- Your assignment
The response must consist of the lines below from the one with "DIAC_RD's tweet photo." through the one with "Renault Clio (2024) thumbnail 9", exactly as they appear and with both ends kept.

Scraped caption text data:
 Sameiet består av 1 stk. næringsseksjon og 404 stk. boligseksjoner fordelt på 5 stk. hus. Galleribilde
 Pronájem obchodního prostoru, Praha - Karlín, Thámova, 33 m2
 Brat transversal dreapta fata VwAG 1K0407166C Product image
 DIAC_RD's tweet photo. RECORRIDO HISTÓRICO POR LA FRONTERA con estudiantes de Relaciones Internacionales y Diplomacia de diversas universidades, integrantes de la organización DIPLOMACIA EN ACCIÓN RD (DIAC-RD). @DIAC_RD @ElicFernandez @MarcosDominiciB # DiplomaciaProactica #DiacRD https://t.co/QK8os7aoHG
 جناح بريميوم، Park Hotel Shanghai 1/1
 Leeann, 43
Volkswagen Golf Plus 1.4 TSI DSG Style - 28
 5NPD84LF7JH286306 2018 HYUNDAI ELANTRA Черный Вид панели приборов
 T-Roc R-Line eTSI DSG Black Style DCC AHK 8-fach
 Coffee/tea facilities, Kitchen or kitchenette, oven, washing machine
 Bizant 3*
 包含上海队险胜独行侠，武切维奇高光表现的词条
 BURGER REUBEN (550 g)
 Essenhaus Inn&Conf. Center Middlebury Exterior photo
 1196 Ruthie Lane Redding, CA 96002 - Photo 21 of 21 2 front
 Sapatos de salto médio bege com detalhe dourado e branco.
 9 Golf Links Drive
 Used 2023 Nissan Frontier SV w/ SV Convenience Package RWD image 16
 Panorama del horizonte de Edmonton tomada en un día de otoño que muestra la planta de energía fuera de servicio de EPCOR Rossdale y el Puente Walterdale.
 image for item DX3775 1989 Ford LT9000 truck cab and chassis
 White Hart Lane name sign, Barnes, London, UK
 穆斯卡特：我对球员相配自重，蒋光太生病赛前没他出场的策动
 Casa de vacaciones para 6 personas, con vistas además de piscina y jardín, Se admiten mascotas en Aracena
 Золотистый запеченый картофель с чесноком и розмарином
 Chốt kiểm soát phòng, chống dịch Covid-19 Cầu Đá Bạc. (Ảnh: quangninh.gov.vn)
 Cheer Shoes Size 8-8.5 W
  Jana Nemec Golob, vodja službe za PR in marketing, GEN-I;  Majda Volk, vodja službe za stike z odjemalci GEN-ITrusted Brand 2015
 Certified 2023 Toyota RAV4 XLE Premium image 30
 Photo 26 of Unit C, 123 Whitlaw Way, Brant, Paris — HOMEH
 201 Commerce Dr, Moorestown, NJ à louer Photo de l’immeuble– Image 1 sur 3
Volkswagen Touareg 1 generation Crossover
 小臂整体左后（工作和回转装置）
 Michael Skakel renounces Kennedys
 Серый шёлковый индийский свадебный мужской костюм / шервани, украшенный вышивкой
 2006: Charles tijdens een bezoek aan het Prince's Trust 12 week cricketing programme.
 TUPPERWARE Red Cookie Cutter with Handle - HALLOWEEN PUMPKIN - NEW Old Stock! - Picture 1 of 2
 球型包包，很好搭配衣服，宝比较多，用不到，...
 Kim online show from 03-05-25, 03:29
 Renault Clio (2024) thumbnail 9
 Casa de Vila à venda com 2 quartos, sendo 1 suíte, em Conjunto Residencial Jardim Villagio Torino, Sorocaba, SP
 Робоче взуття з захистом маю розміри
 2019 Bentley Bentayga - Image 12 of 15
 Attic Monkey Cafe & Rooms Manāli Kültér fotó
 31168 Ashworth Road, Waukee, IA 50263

- Exercise output
 DIAC_RD's tweet photo. RECORRIDO HISTÓRICO POR LA FRONTERA con estudiantes de Relaciones Internacionales y Diplomacia de diversas universidades, integrantes de la organización DIPLOMACIA EN ACCIÓN RD (DIAC-RD). @DIAC_RD @ElicFernandez @MarcosDominiciB # DiplomaciaProactica #DiacRD https://t.co/QK8os7aoHG
 جناح بريميوم، Park Hotel Shanghai 1/1
 Leeann, 43
Volkswagen Golf Plus 1.4 TSI DSG Style - 28
 5NPD84LF7JH286306 2018 HYUNDAI ELANTRA Черный Вид панели приборов
 T-Roc R-Line eTSI DSG Black Style DCC AHK 8-fach
 Coffee/tea facilities, Kitchen or kitchenette, oven, washing machine
 Bizant 3*
 包含上海队险胜独行侠，武切维奇高光表现的词条
 BURGER REUBEN (550 g)
 Essenhaus Inn&Conf. Center Middlebury Exterior photo
 1196 Ruthie Lane Redding, CA 96002 - Photo 21 of 21 2 front
 Sapatos de salto médio bege com detalhe dourado e branco.
 9 Golf Links Drive
 Used 2023 Nissan Frontier SV w/ SV Convenience Package RWD image 16
 Panorama del horizonte de Edmonton tomada en un día de otoño que muestra la planta de energía fuera de servicio de EPCOR Rossdale y el Puente Walterdale.
 image for item DX3775 1989 Ford LT9000 truck cab and chassis
 White Hart Lane name sign, Barnes, London, UK
 穆斯卡特：我对球员相配自重，蒋光太生病赛前没他出场的策动
 Casa de vacaciones para 6 personas, con vistas además de piscina y jardín, Se admiten mascotas en Aracena
 Золотистый запеченый картофель с чесноком и розмарином
 Chốt kiểm soát phòng, chống dịch Covid-19 Cầu Đá Bạc. (Ảnh: quangninh.gov.vn)
 Cheer Shoes Size 8-8.5 W
  Jana Nemec Golob, vodja službe za PR in marketing, GEN-I;  Majda Volk, vodja službe za stike z odjemalci GEN-ITrusted Brand 2015
 Certified 2023 Toyota RAV4 XLE Premium image 30
 Photo 26 of Unit C, 123 Whitlaw Way, Brant, Paris — HOMEH
 201 Commerce Dr, Moorestown, NJ à louer Photo de l’immeuble– Image 1 sur 3
Volkswagen Touareg 1 generation Crossover
 小臂整体左后（工作和回转装置）
 Michael Skakel renounces Kennedys
 Серый шёлковый индийский свадебный мужской костюм / шервани, украшенный вышивкой
 2006: Charles tijdens een bezoek aan het Prince's Trust 12 week cricketing programme.
 TUPPERWARE Red Cookie Cutter with Handle - HALLOWEEN PUMPKIN - NEW Old Stock! - Picture 1 of 2
 球型包包，很好搭配衣服，宝比较多，用不到，...
 Kim online show from 03-05-25, 03:29
 Renault Clio (2024) thumbnail 9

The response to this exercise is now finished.